Para garantir os pagamentos aos credores e ao FMI, o governo Lula acaba de anunciar mais um acordo com o Fundo, no valor de 14 bilhões de dólares, que impõe também pesadas exigências

`OEm 1944, a Conferência de Bretton Woods instituiu um novo sistema financeiro internacional, baseado no padrão ouro-dólar, em substituição ao padrão ouro. Era o início da hegemonia dos EUA, que a partir daquele momento teriam o poder de controlar a moeda que seria usada para as transações internacionais. Naquela ocasião foi criado o FMI (Fundo Monetário Internacional), com a finalidade de zelar pelo equilíbrio dos balanços de pagamentos dos seus países membros, evitando crises de sobre-endividamento. O papel do Fundo seria então o da cooperação internacional, disponibilizando recursos aos países, sem a imposição de medidas comprometedoras da estabilidade e da prosperidade destas nações.

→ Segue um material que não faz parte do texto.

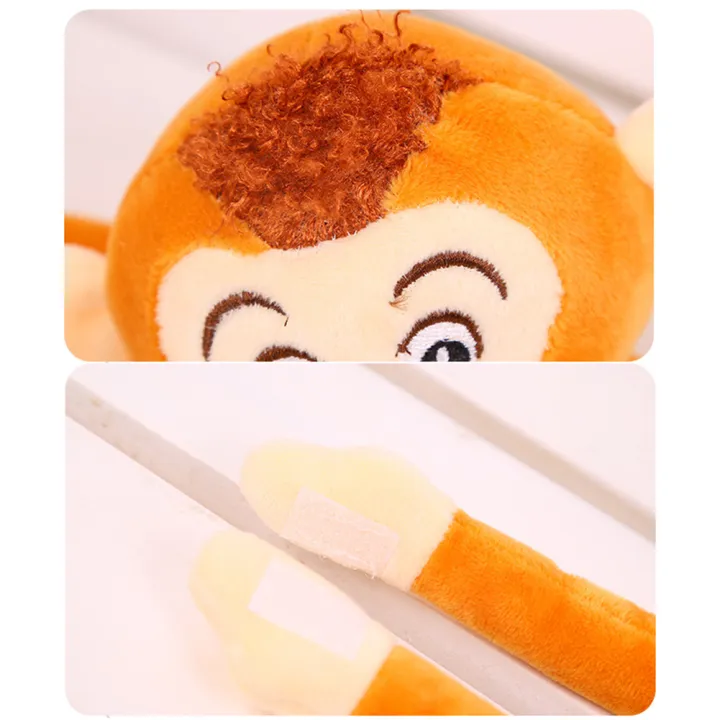 65CM%20Cute%20Long-Armed%20Monkey%20Shaped%20Plush%20Toy%20Monkey%20Long%20Arm%20Tail%20Soft%20Plush%20Hanging%20Doll%20Toy%20Home%20Decor%20Curtains%20Hanger%20-%20Image%204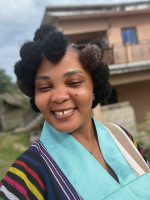 Laura Mariole MAGANG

Porém, ao longo das últimas décadas, o FMI revelou o seu papel e passou a agir em defesa dos credores. Estimulou países a se sobre-endividarem e impôs pacotes de “salvamento” condicionados à adoção de políticas econômicas anti-sociais. Os empréstimos são concedidos em diversas parcelas, de forma a obrigar os países a cumprirem as metas determinadas. Não raro, os termos destes acordos são sigilosos. As imposições mais conhecidas são as metas fiscais, que limitam os gastos sociais e liberam completamente os gastos com juros da dívida. Porém, além disso, o Fundo também começa a exigir reformas estruturais, como as do Estado (redução com pessoal), privatizações e modificação nas leis trabalhistas.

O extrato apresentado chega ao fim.